Task brief -
From first line to last, print the records exactly, but leave out the pictures.

Exercise inputs Start Marker

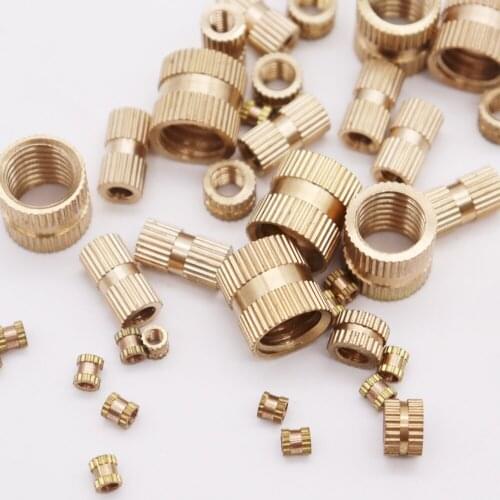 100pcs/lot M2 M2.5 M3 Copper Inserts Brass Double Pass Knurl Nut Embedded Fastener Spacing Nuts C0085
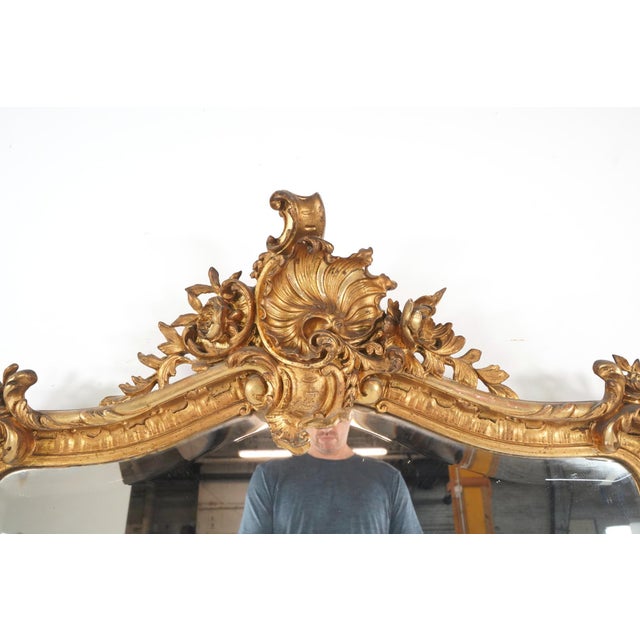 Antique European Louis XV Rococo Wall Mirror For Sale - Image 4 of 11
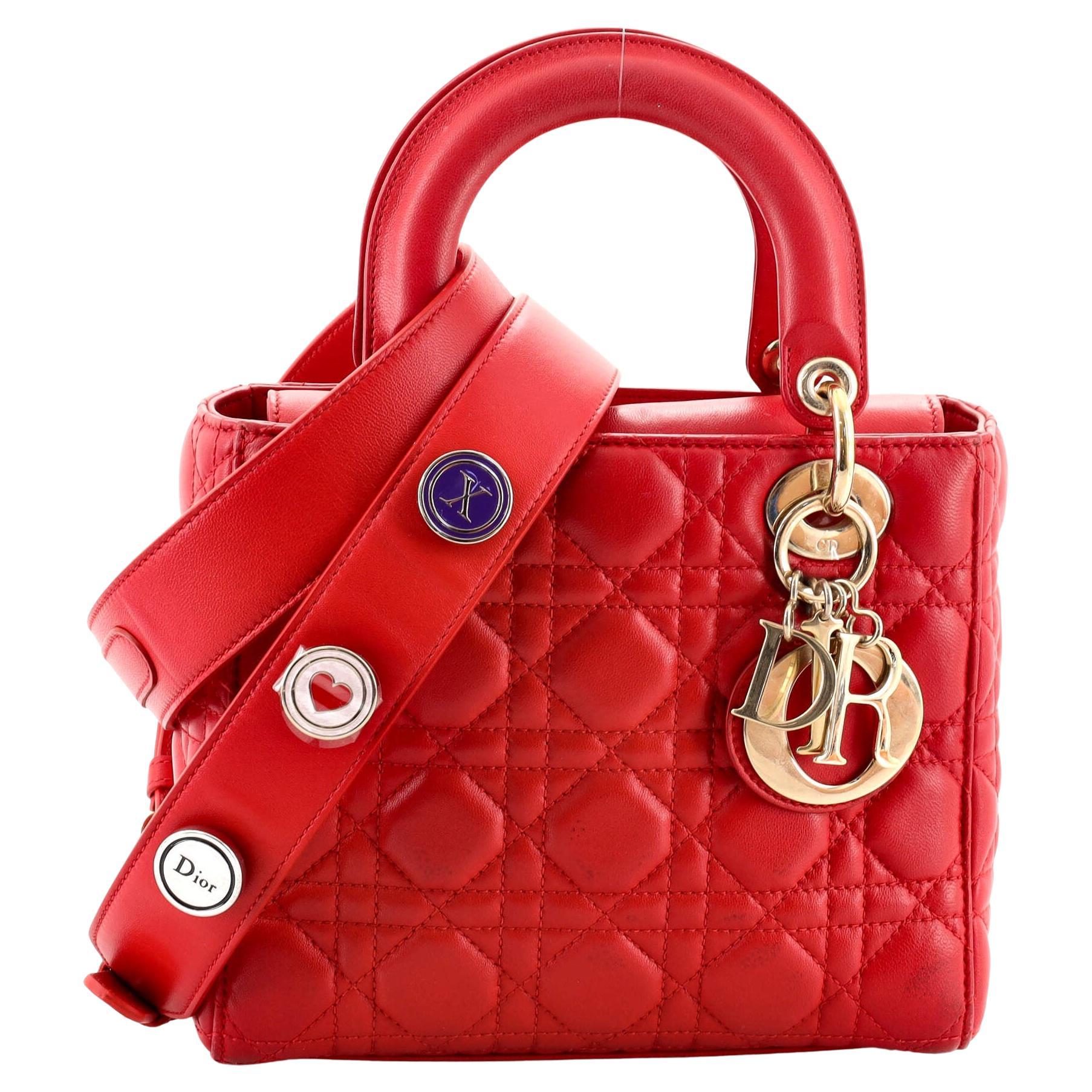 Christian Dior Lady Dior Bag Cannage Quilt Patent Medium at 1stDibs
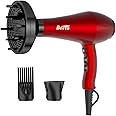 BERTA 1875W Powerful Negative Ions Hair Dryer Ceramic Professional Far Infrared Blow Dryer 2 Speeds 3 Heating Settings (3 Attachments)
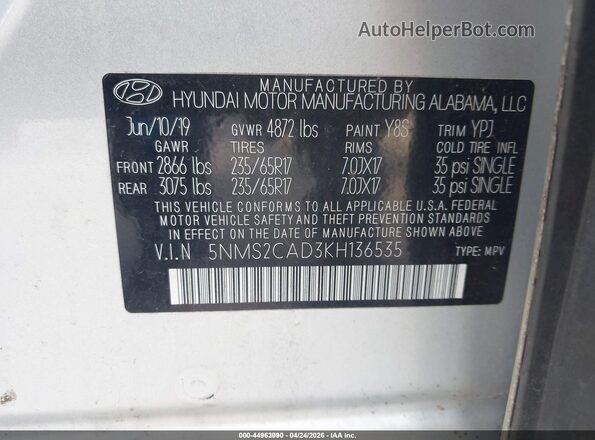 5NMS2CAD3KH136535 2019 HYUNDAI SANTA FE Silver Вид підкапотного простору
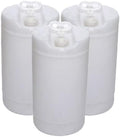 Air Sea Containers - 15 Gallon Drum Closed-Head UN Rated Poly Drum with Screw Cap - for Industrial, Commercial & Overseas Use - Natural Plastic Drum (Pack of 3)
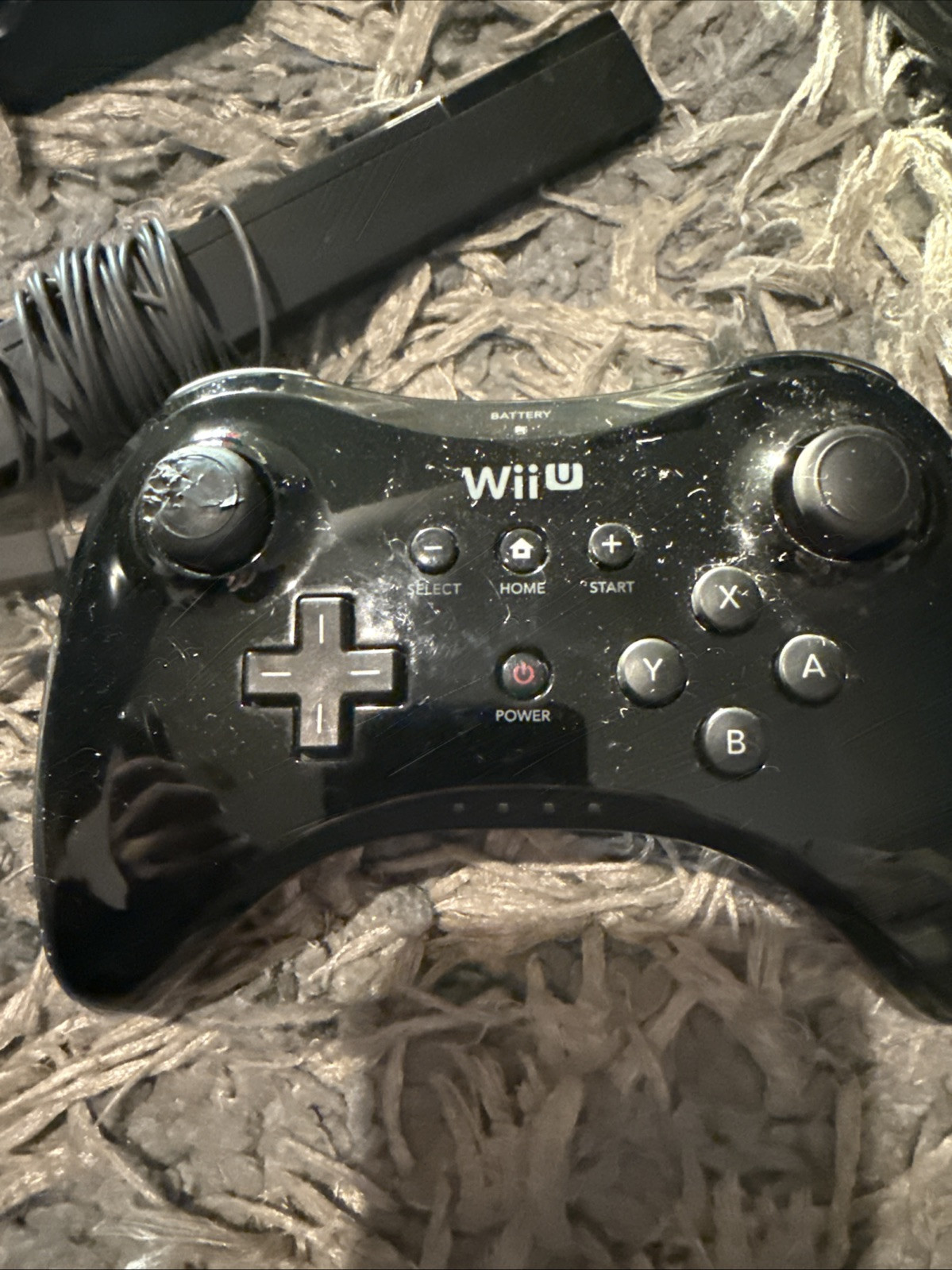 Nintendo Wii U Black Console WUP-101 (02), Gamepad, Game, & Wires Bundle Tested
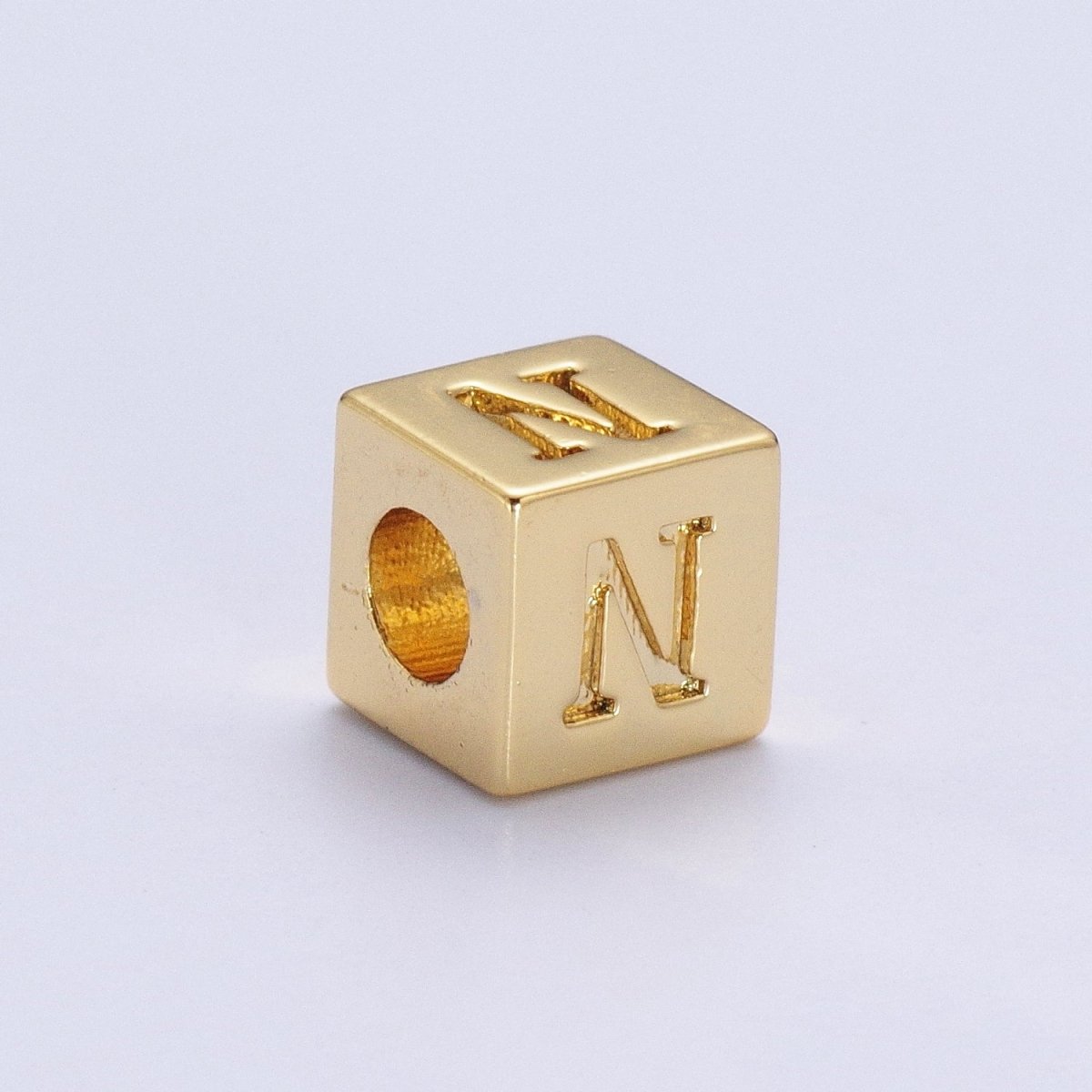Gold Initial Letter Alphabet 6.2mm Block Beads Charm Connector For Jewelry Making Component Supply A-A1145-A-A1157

Exercise inputs End Marker

Answer space -
 100pcs/lot M2 M2.5 M3 Copper Inserts Brass Double Pass Knurl Nut Embedded Fastener Spacing Nuts C0085
 Antique European Louis XV Rococo Wall Mirror For Sale - Image 4 of 11
 Christian Dior Lady Dior Bag Cannage Quilt Patent Medium at 1stDibs
 BERTA 1875W Powerful Negative Ions Hair Dryer Ceramic Professional Far Infrared Blow Dryer 2 Speeds 3 Heating Settings (3 Attachments)
 5NMS2CAD3KH136535 2019 HYUNDAI SANTA FE Silver Вид підкапотного простору
 Air Sea Containers - 15 Gallon Drum Closed-Head UN Rated Poly Drum with Screw Cap - for Industrial, Commercial & Overseas Use - Natural Plastic Drum (Pack of 3)
 Nintendo Wii U Black Console WUP-101 (02), Gamepad, Game, & Wires Bundle Tested
Gold Initial Letter Alphabet 6.2mm Block Beads Charm Connector For Jewelry Making Component Supply A-A1145-A-A1157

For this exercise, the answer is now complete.